In a major speech on Monday, the Work and Pensions Secretary Iain Duncan Smith will warn that Employment and Support Allowance (ESA) – the benefit paid to the sick and disabled – needs to be urgently overhauled, because too few ESA claimants are being helped to get work.
He also wants the system for deciding who is eligible for ESA tightened up.
Since he took on responsibility for overhauling the welfare state in 2010, Mr Duncan Smith has seen the number of people on Jobseekers’ Allowance fall by almost 700,000, nearly halving the 2010 figure, but the numbers on ESA have stayed stubbornly high at more than 2.5 million, a fall of about 90,000.

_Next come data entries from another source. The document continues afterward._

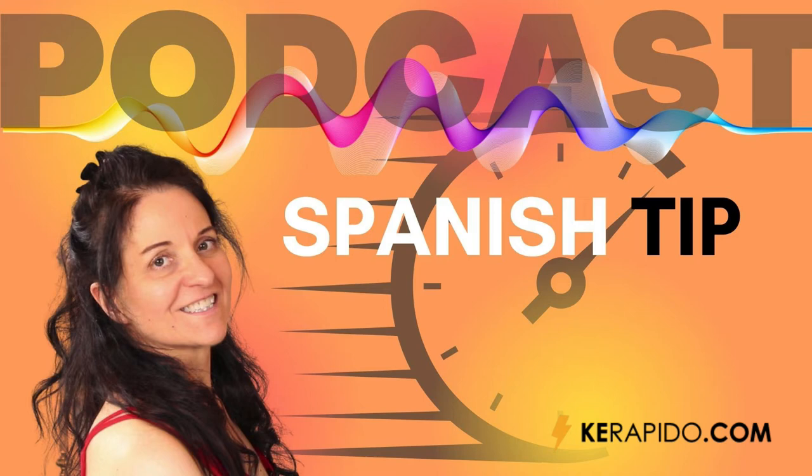Before I continue with this lesson, let me remind you that on YouTube you can listen to every episode of this podcast 48 hours before anywhere else. My YouTube channel is Speak Spanish with Maria — you can see the link in the episode description on your mobile device.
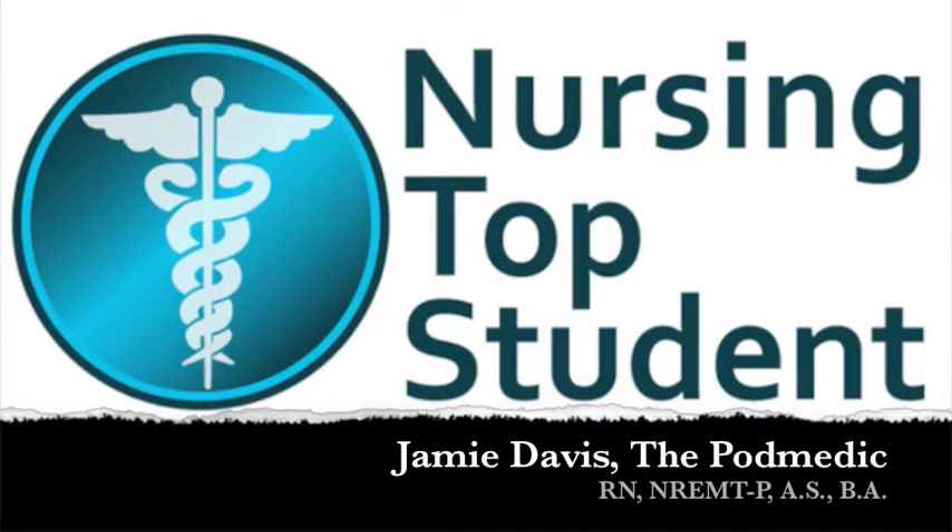Hi, this is Jamie Davis, the PodMedic. I'm host of the Nursing Show podcast and also setting up a brand new resource for student nurses here, a site called Nursing Top Student.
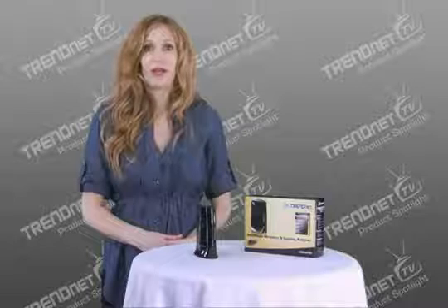Cut your cables and start winning with TrendNet's groundbreaking, first-to-market 450Mbps wireless gaming adapter, model TEW687GA.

He blames a fault in the way ESA was devised. He is expected to say: “When ESA was introduced in 2008 it was intended to be a short-term benefit, with the vast majority of people being helped to return to work.
“ESA may have been designed with the right intentions, but at its heart lay a fundamental flaw. It is a system that decides you are either capable of work or you are not. This needs to change – things are rarely that simplistic.

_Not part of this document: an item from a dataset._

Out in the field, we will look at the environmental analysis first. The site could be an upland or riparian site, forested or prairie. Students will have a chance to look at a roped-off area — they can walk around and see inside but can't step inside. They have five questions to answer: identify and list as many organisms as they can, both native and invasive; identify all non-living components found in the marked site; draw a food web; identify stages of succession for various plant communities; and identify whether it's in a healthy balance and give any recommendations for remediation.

“We need to look at the assessment we use for ESA – and I want to look at changing it so that it is better geared towards helping to get people prepared for and into what work they may be capable of, rather than parking them beyond work.”
Mr Duncan Smith is adamant that people who are genuinely too ill to work will still be protected by the welfare state, and he will stress that for many people – particularly those with mental issues – being in work acts as an effective therapy.
But others may fear that he is reacting to pressure to cut the welfare bill by any means that he can.
The Chancellor George Osborne wants the social security budget reduced by £13bn a year by 2020-21.
In his budget speech in July, Mr Osborne announced a £640m cut in welfare payments for people in the work related activity group (WRAG), who are categorised as not fit enough for work, but able to carry out “work related activity”– a move condemned by disability rights campaigners.
According to the Disability News Service, the percentage of people living in households where at least one member was disabled and who were in “absolute poverty” rose from 27 per cent in 2012-13 to 30 per cent in 2013-14, an increase of about a tenth in just one year. It is feared that the drive to reduce the cost of ESA will mean more disabled people living in poverty.
Liz Sayce, chief executive of Disability Rights UK, said that many disabled people would welcome what Mr Duncan Smith is proposing, if it turns out that the reforms genuinely help people to find work – but not if it proved to be simply a way of cutting the welfare budget.
She said: “One of the problems has been that the work programme has totally failed people on ESA. The figures for getting people on ESA into work are very poor. Some people do want to work, with the right kind of support.
“We would like to see radical changes to the work programme in which it was really tailored to individual needs. If there was investment in that, you might see greater numbers of sick and disabled going into work, and that would be great.
“You also need a recognition that some people are not well enough to work, and reducing the money they get will simply drive more disabled people into poverty.”